This reminds me of the patent office wanting to shut down decades ago because "everything has already been invented"

Breakthroughs happen every day. As far as designing amplifiers with the express goal of having a particular sound to me is a waste of time. It means the designer has given up on the notion that "perfection" is not attainable. 

Take a look at this viewpoint of distortion...
 http://h-cat.com/images/H_CAT_White_Paper.pdf

Roger


@sean_heis1

If you find outstanding (better than anything else on the market or ever mass produced) measured performance to be a meaningless achievement then how do you propose to measure what you find important? I would put it to you and everyone here that if you can’t measure performance then there is no way to track improvement.

Perhaps this is the fundamental problem in the audiophile industry - it has become a fashion clothing industry that suits people’s tastes and follows trends with no goal to improve anything because "good enough" in clothing materials was achieved 30 years ago - so now it is about color and style in an endless circle of ever fluctuating fashionable trends.
THD analyzers are good for getting you in the ball park. It will at least tell you if you have really bad distortion to deal with. However the problem is that they don't go far enough. IOW they are not capable of detecting small problems that occur at or near the fundamental [image] at the input.

Such problems slip well under the "THD" radar and go unnoticed.

If you examine the full spectrum which includes radio and light frequencies - you will see that only the audio portion of the spectrum requires the medium of air to exist (acoustically). Everything above that can exist in the vacuum of space. Therefore if you design an amplifier to be specifically used for audio then you must include the impact that the medium of air has within the design goals.

"Live" has a playback speed. That constant speed is what is recognized as the "live" indicator or marker to the brain. If you pass the sound as electrical data the does not take into consideration its exact speed - then you have stripped away the "live" marker. The brain defaults to "fake" instantly.

Since audio flows as a sound wave - you have to include the wave as part of the critical data needed by the brain to accept what it hears as "live".

The portion of an audio signal the has the embedded wave information is extremely small and exists right at the fundamental signal.

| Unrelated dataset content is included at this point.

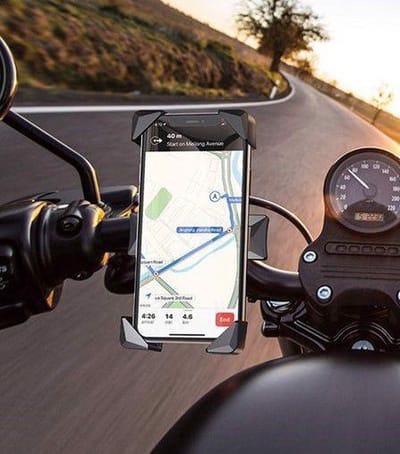 Fietshouder / Motorhouder voor op de Stuur | Telefoonhouder geschikt voor de Fiets en Motor - Zwart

Capturing the velocity of the wave data and using it as the speed governor for the outgoing signal is the trick.The brain is convinced that what it hears is "live" because the "live" marker still exists after the amplifying process is done.

This has already been done and it works perfectly.

Roger
Shadorne , I'm sure you already know, specifications shouldn't be used as an indicator on what sounds good. and you also know there is gear that have terrible measurements but sound spectacular. Plus you right, you can't measure musicality but you just know its there when you hear it.